___ Data under study

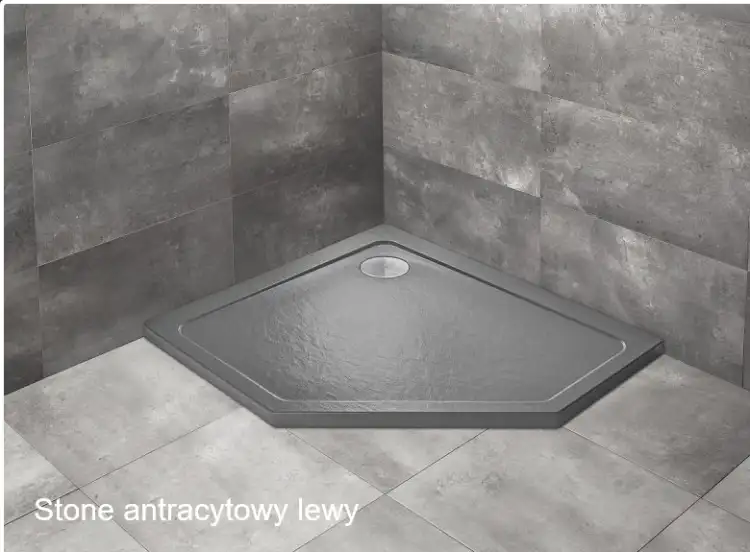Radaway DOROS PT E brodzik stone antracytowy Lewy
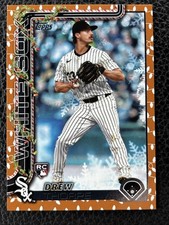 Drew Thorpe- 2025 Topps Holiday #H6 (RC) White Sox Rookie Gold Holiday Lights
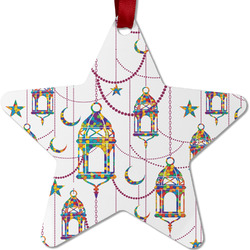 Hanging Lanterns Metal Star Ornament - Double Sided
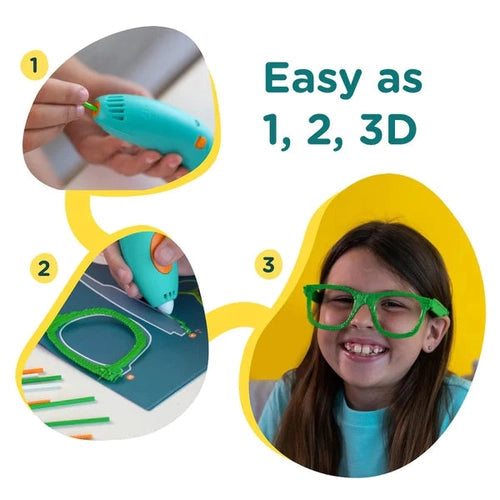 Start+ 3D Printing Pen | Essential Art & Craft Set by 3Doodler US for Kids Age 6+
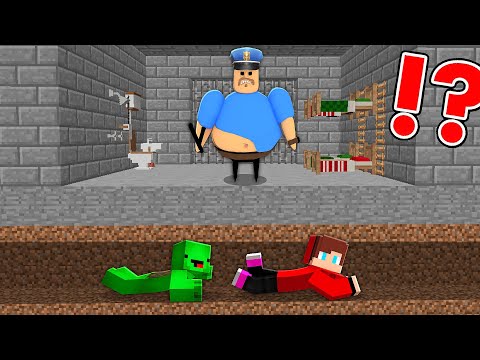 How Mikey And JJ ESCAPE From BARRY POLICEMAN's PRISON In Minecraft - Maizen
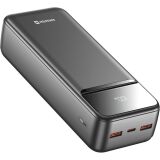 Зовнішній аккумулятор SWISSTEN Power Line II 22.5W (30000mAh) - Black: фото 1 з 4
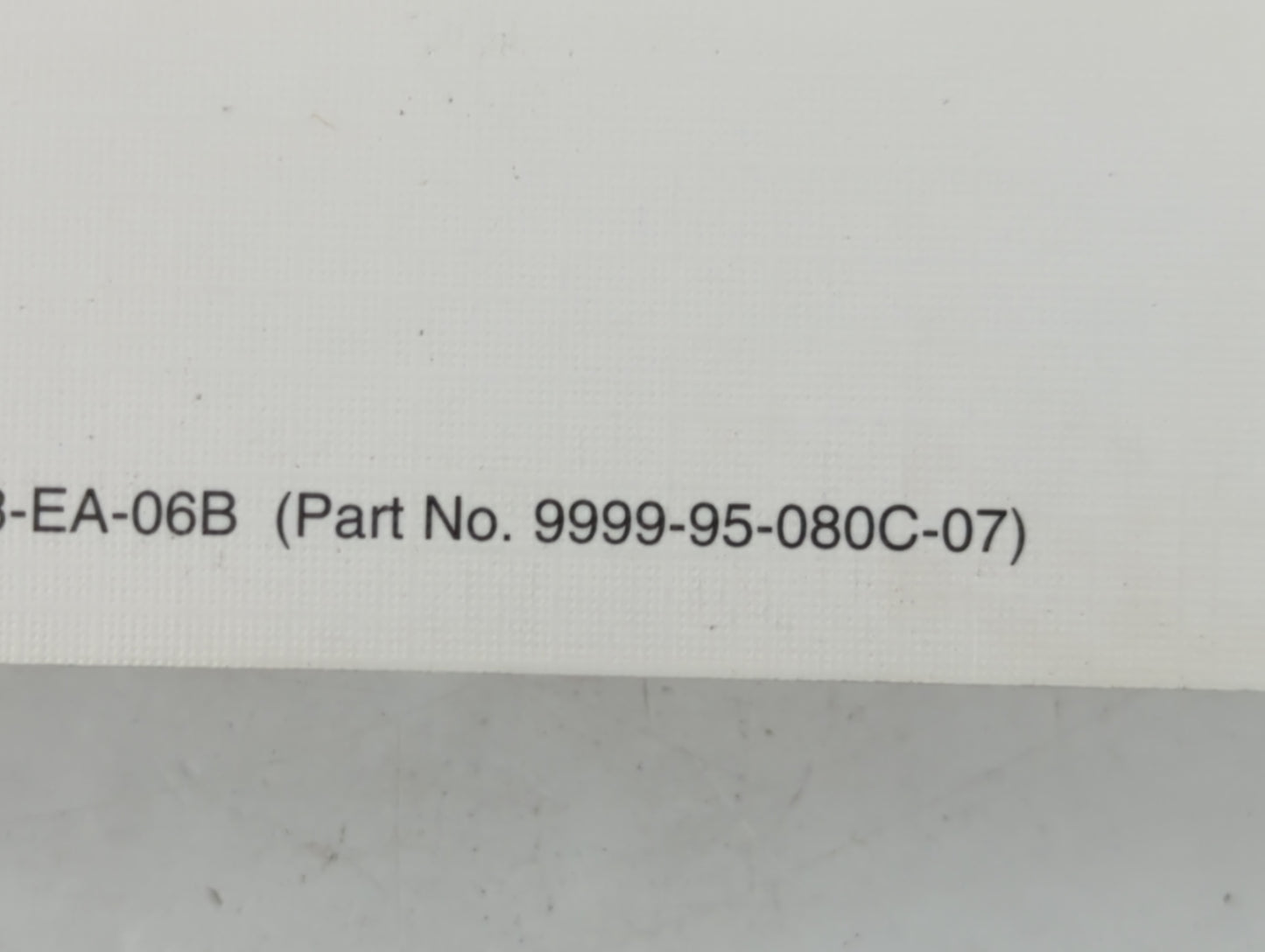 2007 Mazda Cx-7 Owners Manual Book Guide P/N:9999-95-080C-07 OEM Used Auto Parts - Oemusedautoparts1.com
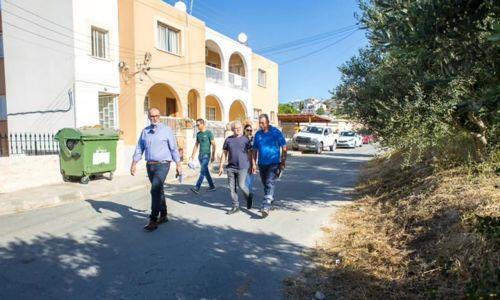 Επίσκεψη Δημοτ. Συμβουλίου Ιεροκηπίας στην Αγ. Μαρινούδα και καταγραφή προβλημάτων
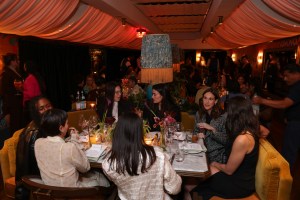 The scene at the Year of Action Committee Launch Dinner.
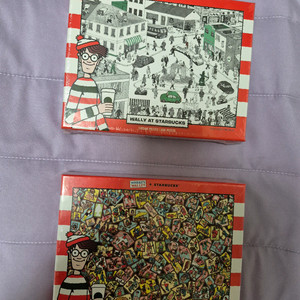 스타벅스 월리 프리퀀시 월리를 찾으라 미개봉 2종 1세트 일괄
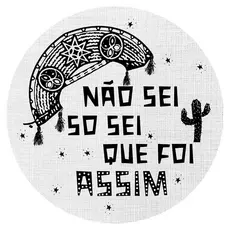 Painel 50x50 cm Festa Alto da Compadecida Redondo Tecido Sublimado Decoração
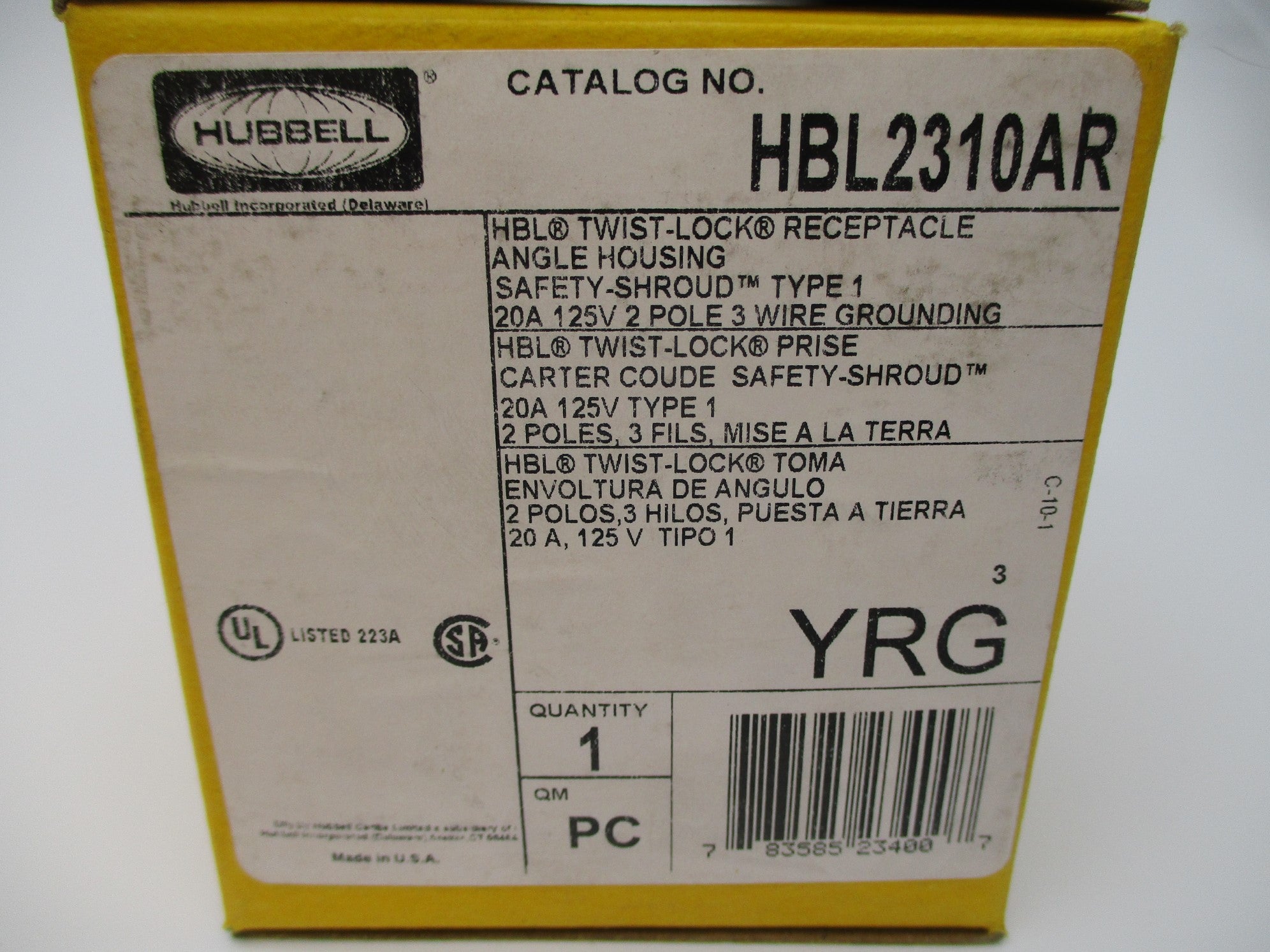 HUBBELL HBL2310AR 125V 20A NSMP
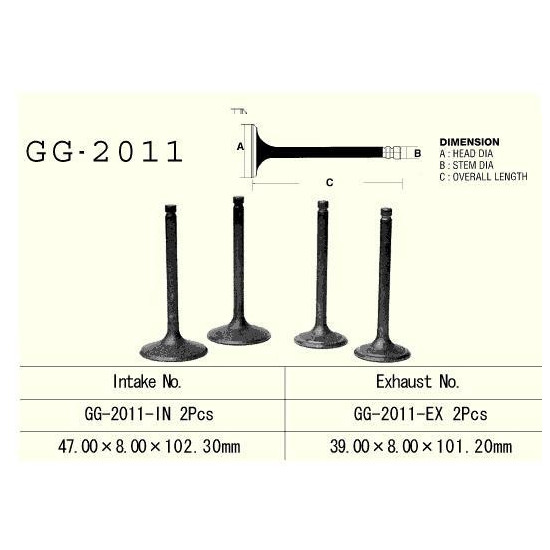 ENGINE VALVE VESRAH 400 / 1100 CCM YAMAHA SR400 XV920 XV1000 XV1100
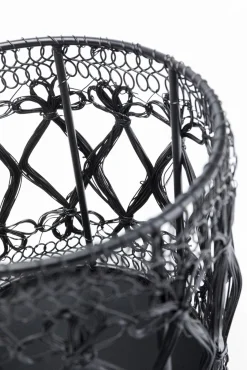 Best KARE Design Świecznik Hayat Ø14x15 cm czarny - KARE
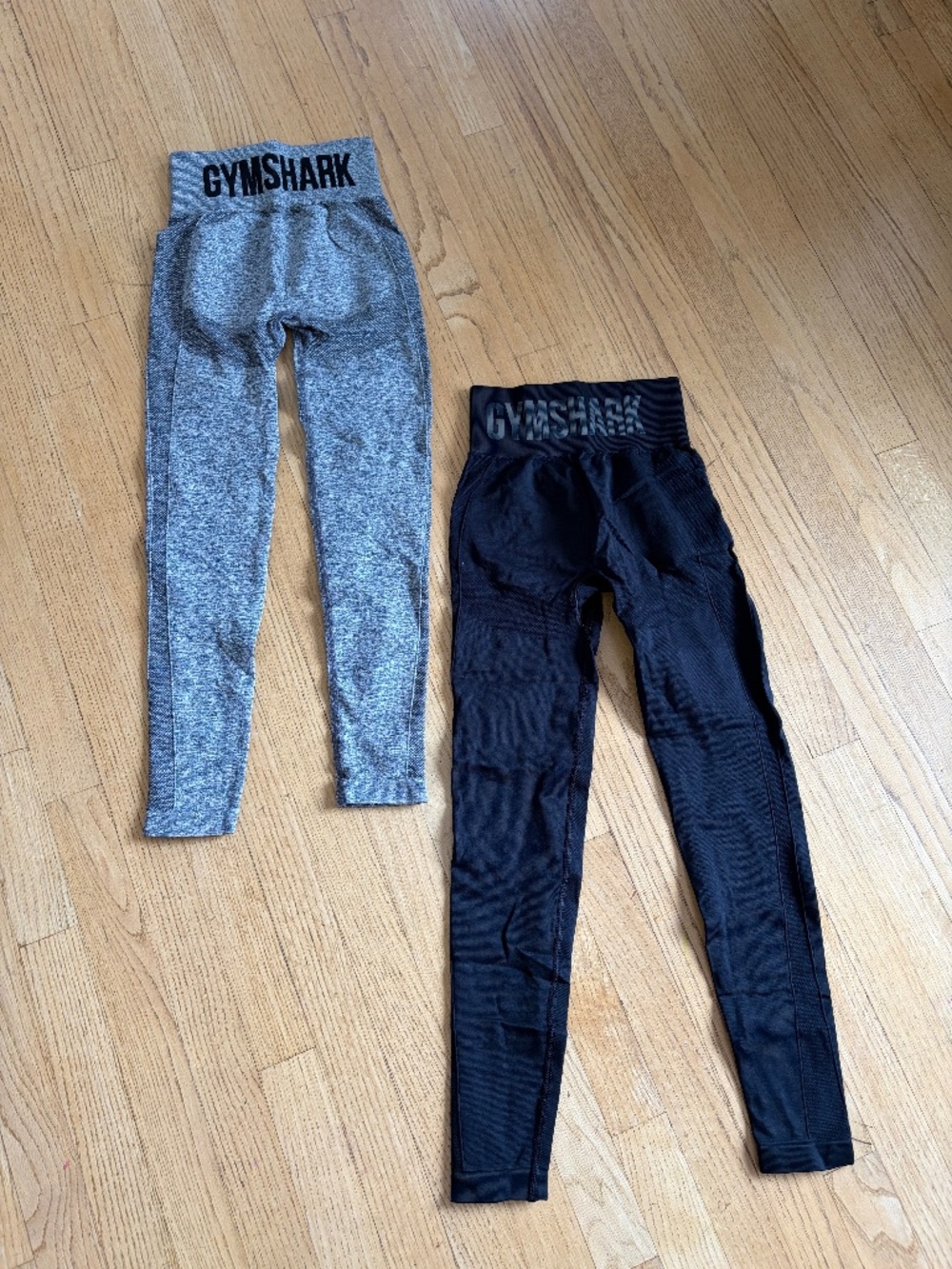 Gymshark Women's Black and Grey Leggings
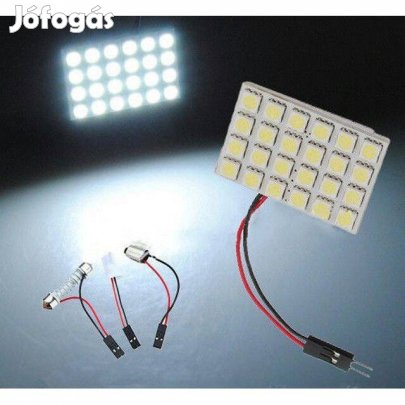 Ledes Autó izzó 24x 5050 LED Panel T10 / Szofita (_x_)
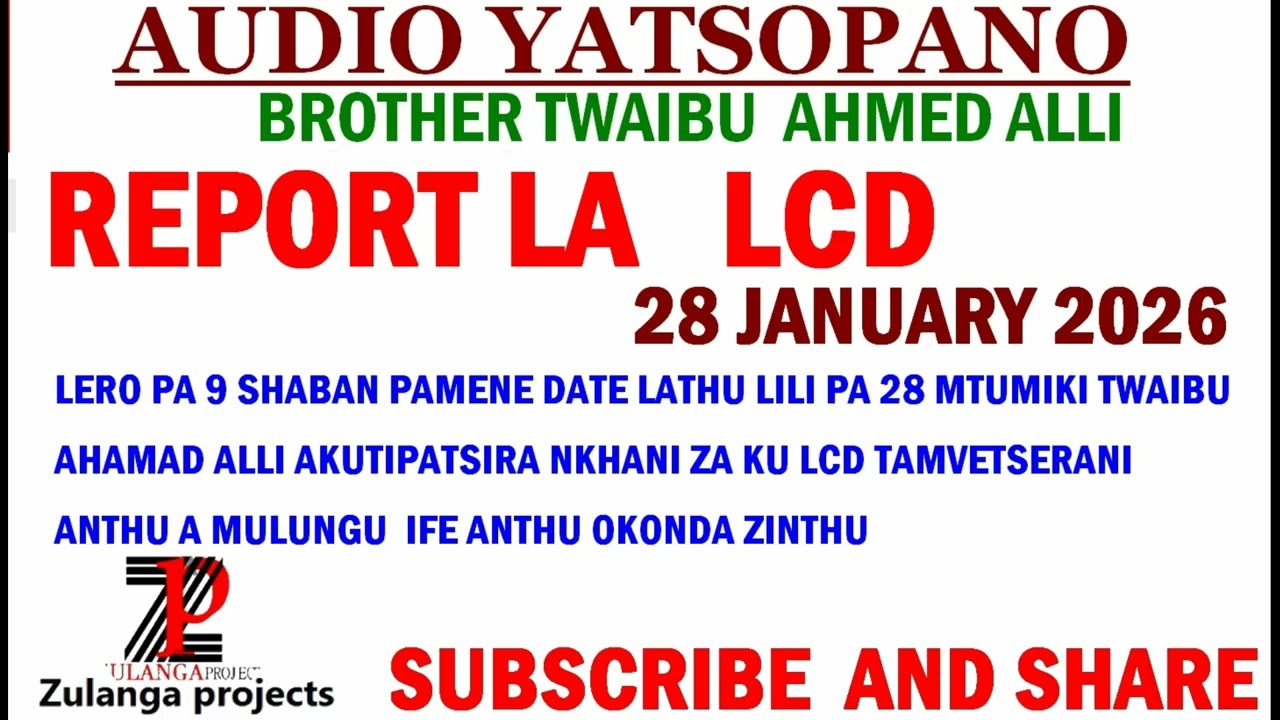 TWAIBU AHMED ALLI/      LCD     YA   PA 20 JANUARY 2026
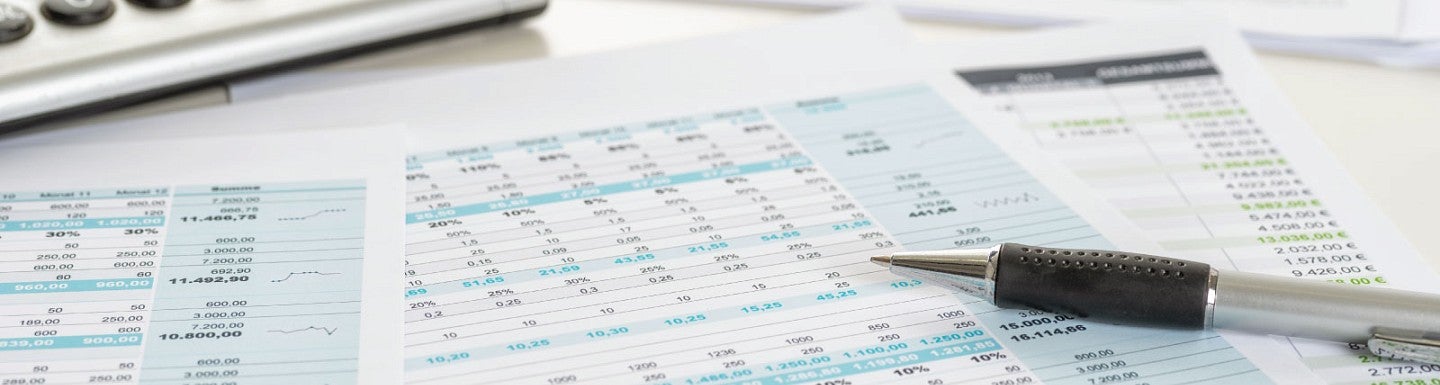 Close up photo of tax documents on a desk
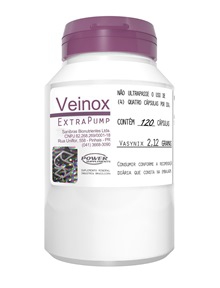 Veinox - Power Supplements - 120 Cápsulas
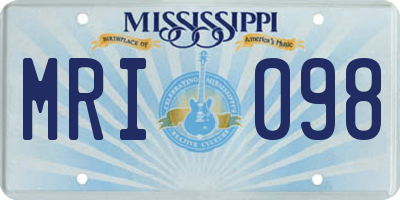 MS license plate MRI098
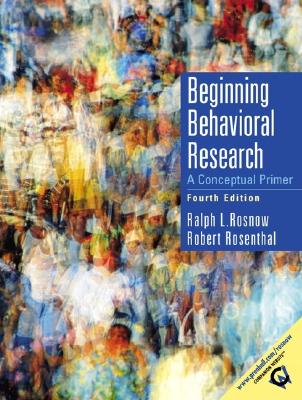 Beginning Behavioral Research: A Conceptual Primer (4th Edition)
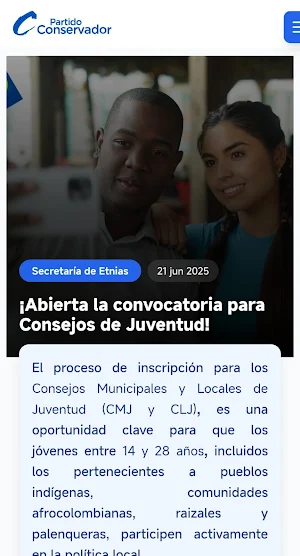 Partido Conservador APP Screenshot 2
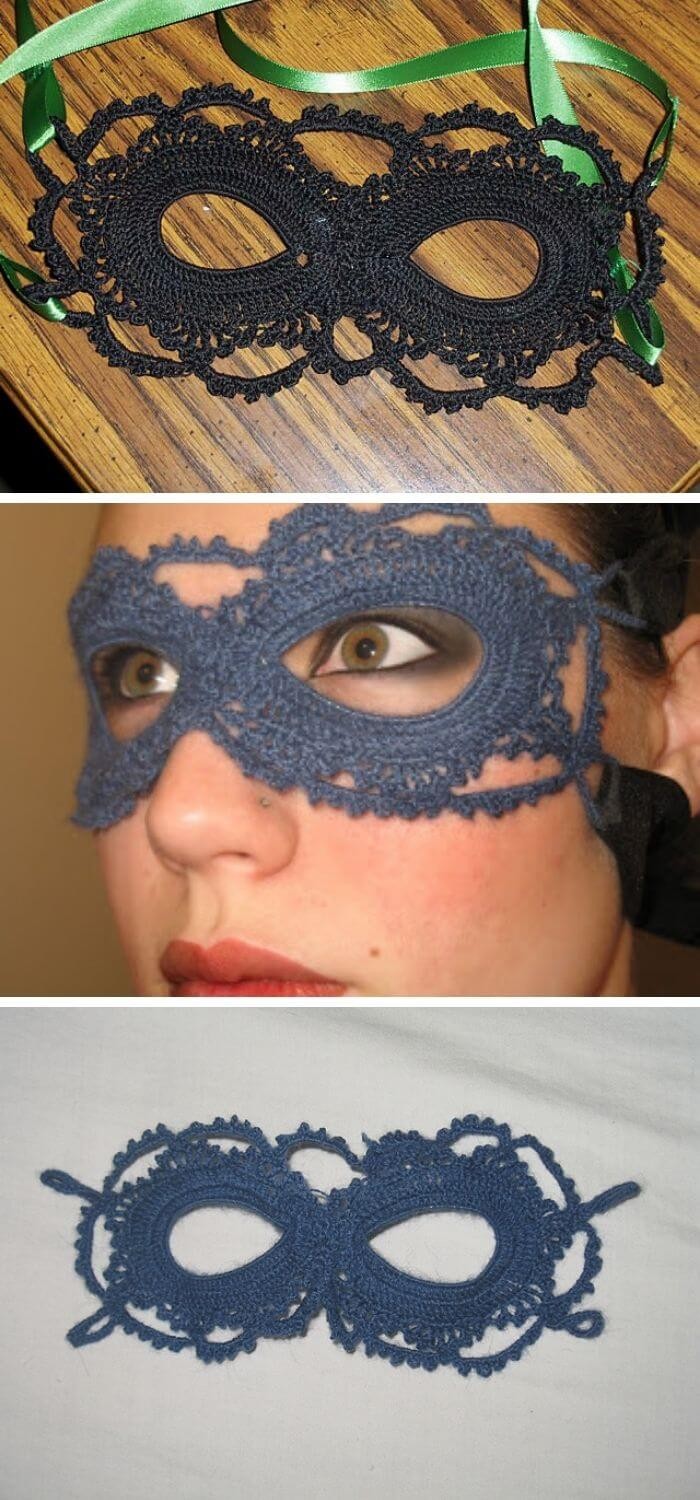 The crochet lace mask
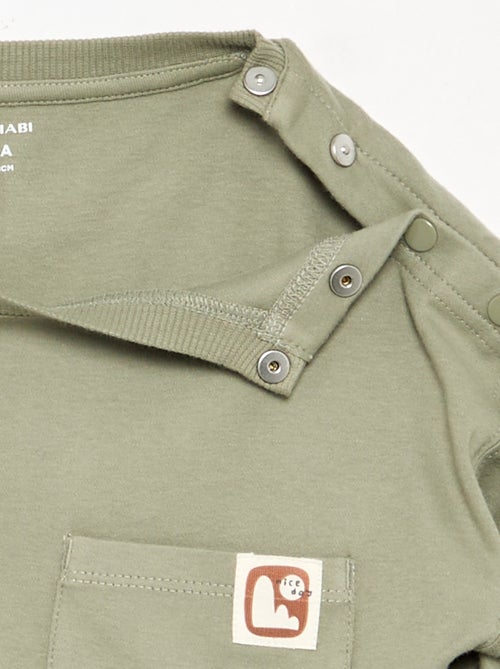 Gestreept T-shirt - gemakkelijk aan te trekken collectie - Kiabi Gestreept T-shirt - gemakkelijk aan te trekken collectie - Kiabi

______

◆ **About this exercise**: Though the entries above contain pictures, none should be copied; reproduce only the lines between the one holding "Hanging Lanterns Metal" and the one holding "Beginning Behavioral Research: A", inclusive, exactly as written.

◆ **Written solution**:
 Hanging Lanterns Metal Star Ornament - Double Sided
 Start+ 3D Printing Pen | Essential Art & Craft Set by 3Doodler US for Kids Age 6+
 How Mikey And JJ ESCAPE From BARRY POLICEMAN's PRISON In Minecraft - Maizen
 Зовнішній аккумулятор SWISSTEN Power Line II 22.5W (30000mAh) - Black: фото 1 з 4
 2007 Mazda Cx-7 Owners Manual Book Guide P/N:9999-95-080C-07 OEM Used Auto Parts - Oemusedautoparts1.com
 Επίσκεψη Δημοτ. Συμβουλίου Ιεροκηπίας στην Αγ. Μαρινούδα και καταγραφή προβλημάτων
 The scene at the Year of Action Committee Launch Dinner.
 스타벅스 월리 프리퀀시 월리를 찾으라 미개봉 2종 1세트 일괄
 Painel 50x50 cm Festa Alto da Compadecida Redondo Tecido Sublimado Decoração
 HUBBELL HBL2310AR 125V 20A NSMP
 ENGINE VALVE VESRAH 400 / 1100 CCM YAMAHA SR400 XV920 XV1000 XV1100
 Best KARE Design Świecznik Hayat Ø14x15 cm czarny - KARE
 Gymshark Women's Black and Grey Leggings
 Ledes Autó izzó 24x 5050 LED Panel T10 / Szofita (_x_)
 TWAIBU AHMED ALLI/      LCD     YA   PA 20 JANUARY 2026
 Close up photo of tax documents on a desk
 Veinox - Power Supplements - 120 Cápsulas
 MS license plate MRI098
 Beginning Behavioral Research: A Conceptual Primer (4th Edition)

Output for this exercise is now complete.